Anna Jepkosgei Tanui v Republic [2014] KEHC 1925 (KLR)
Full Case Text
REPUBLIC OF KENYA
IN THE HIGH COURT OF KENYA AT ELDORET
CRIMINAL APPEAL NO. 116 OF 2011
ANNA JEPKOSGEI TANUI…………………….APPELLANT
VERSUS
REPUBLIC………………………………........RESPONDENT
(Being anappeal from the original conviction and sentence in Criminal Case No. 5768 of 2010 Republic v Anna Jepkosgei Tanui in the Principal Magistrate’s Court at Eldoret by D. K. Kemei, Principal Magistrate dated 10th December 2010)
JUDGMENT
1. The appellant was convicted on her own plea of guilty for the offence of arson contrary to section 332 of the Penal code. The offence was committed on 25th November 2010 at Kalwal village of Chemoibon location in Keiyo South District within Keiyo/Marakwet County. The appellant was accused of wilfully setting fire to a dwelling house belonging to Samuel Kiptarus Samoei valued at Kshs 21,700.
2. The facts read in court were as follows: the appellant is a sister-in- law to the complainant. On the material day, the appellant was with the complainant taking traditional liquor. The complainant asked for some tobacco from the appellant; the appellant declined. The complainant snatched the tobacco and in the process spilled some of it to the floor. The appellant got annoyed, rushed to the complainant’s house and set it on fire. The house was valued at Kshs 21,000. It was razed to the ground. An alarm was raised and some items saved from the fire. The appellant disappeared. A report was made to Kaptagat Police Station. The accused was arrested and charged. The photographs taken at the scene were produced in court as exhibits 1 to 4.
3. When those facts were read to the appellant, she confirmed them to be true. The trial court considered the mitigation offered by the appellant but found that the offence was serious which called for a deterrent sentence. The appellant was sentenced to serve ten years imprisonment.

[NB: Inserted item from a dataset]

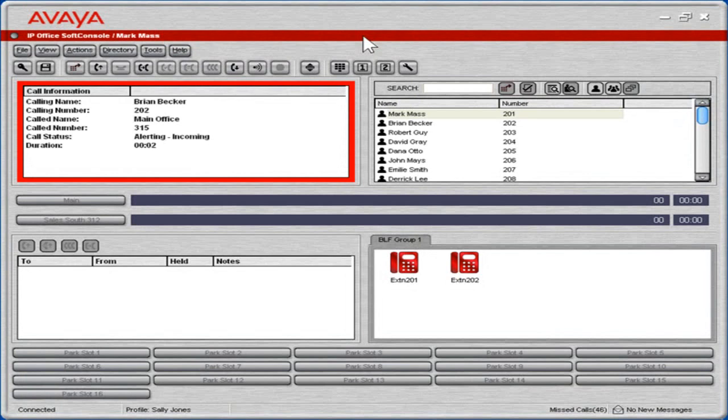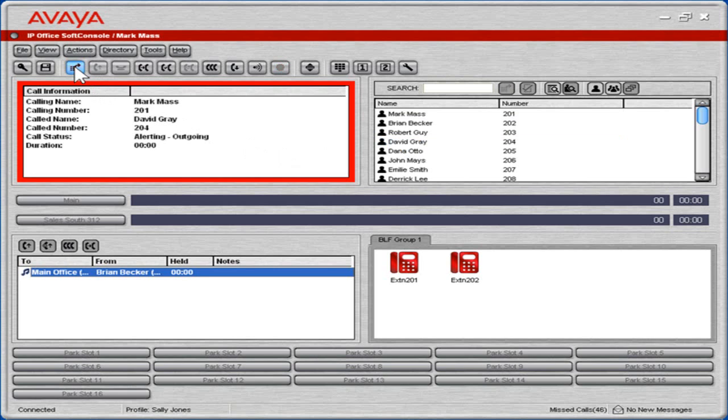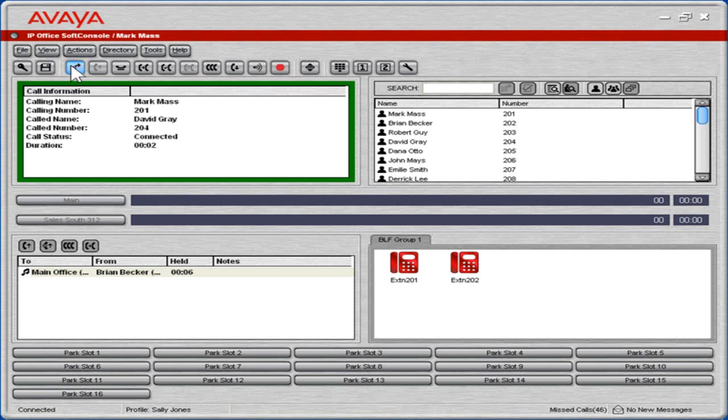To answer an incoming call, click the answer incoming waiting call icon. To transfer the call, in the directory panel, select the appropriate user to transfer the call to. On the toolbar, click the make call icon. The original call is automatically put on hold while the consultation occurs. To transfer the original call to the user, on the toolbar, click the transfer complete icon.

4. The appellant is aggrieved by the conviction and sentence. The petition of appeal was filed on 12th July 2011. It urges five grounds: that the appellant is illiterate and did not comprehend the proceedings; that there were no eye witnesses to the offence; that the evidence produced by the prosecution was hearsay and insufficient to found the charge; that there was a misunderstanding between the complainant and the appellant; and, that the sentence handed down was too harsh in the circumstances. The appeal is contested by the State.
5. This is a first appeal to the High Court. I have re-evaluated all the evidence on record and drawn my own conclusions. Njoroge v Republic [1987] KLR 19, Okeno v Republic [1972] EA 32, Kariuki Karanja v Republic [1986] KLR 190.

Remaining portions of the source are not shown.